Dans le numéro de mai de Positif, la critique de Cérémonies par Ariane Allard m’a fait un immense plaisir.
par Saitoh Yusuke |
Voilà un récit peu ordinaire ! Car oui, il s'agit tout autant d'une analyse que d'un récit. Touffu, méticuleux et pourtant haletant, il se lit d'une traite, heureusement transcendé par l'originalité de son point de vue et la vivacité de son écriture. Sans doute son sujet appelle-t-il au départ une telle combinaison de qualités. Comme son sous-titre l'indique, Cérémonies nous plonge au cœur de L'Empire des sens, grand classique sulfureux de Nagisa Oshima. Il y sera donc question de liberté d'expression et de passion, mais encore de sexualité taboue, de domination, de pouvoir, de crimes, de censure, de procès. En bref, de chaos, de ténèbres et de combats (à tous les niveaux...).

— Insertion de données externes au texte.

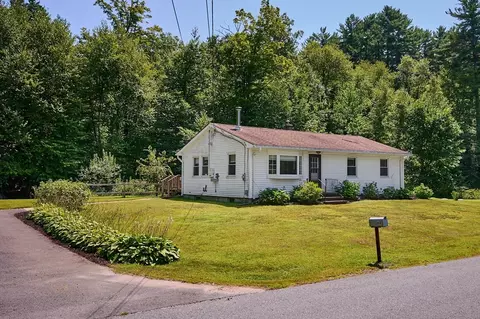 68 Harris St, Granby, MA 01033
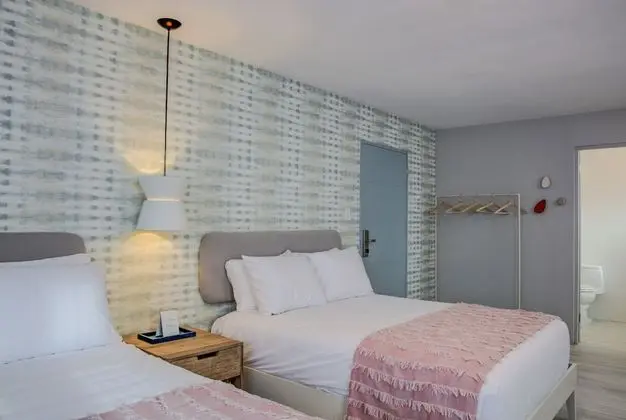 Traditional Tek Büyük Yataklı Oda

Des thématiques délicates à manier certes, mais riches donc particulièrement engageantes.
Reste que si ce «petit» ouvrage se distingue autant, c'est aussi parce que son auteur, Stéphane du Mesnildot, l'un des piliers de l'analyse contemporaine du cinéma asiatique, conjugue, tout le long, rigueur historique (le film s'inspire d'un fait divers et de procès qui firent grand bruit au Japon) et profonde empathie pour l'une des figures centrales de cette épopée scandaleuse. Et l'on ne parle pas, ici, d'Oshima... Autant dire que sa démarche se révèle aussi inhabituelle que pertinente.
De fait, nous rappelle-t-il fort justement, si L'Empire des sens révolutionna bel et bien le cinéma mondial en 1976, il faut, pour le comprendre, revenir tout d'abord à celle qui inspira son auteur : la véritable Abe Sada, femme aux cent visages, tour à tour jeune fille violée, geisha, prostituée, amante criminelle, martyre de la condition féminine japonaise et personnalité publique. Une figure des années 1930 à nulle autre pareille, qui fut avant tout une héroïne révoltée pour le flamboyant Oshima et permet in fine à Stéphane du Mesnildot de dresser le portrait fulgurant d'une femme libre (à quel prix !). De sa naissance en mai 1905 à Tokyo à la (houleuse) projection de L'Empire des sens à la Quinzaine des réalisateurs à Cannes en mai 1976, le journaliste et critique, ancien des Cahiers du cinéma, choisit de retracer son destin hors norme en le contextualisant systématiquement (il fait de même pour le parcours du cinéaste). C'est une très bonne idée, car il donne ainsi à voir un regard neuf, non seulement sur un film (pourtant largement disséqué, stigmatisé et/ou célébré depuis près de cinquante ans) mais sur une société, une culture, un pays passablement patriarcal et hypocrite.
Par-delà les personnalités exceptionnelles d'Abe Sada et Nagisa
Oshima, on apprend donc beaucoup de choses, par exemple sur l'évolution du rôle
des geishas ou sur la production des films au Japon dans les années 1960 et
1970. Le plus remarquable étant que ces éclairages, très détaillés, ne gênent
en rien le panache du récit, donc le plaisir de la lecture.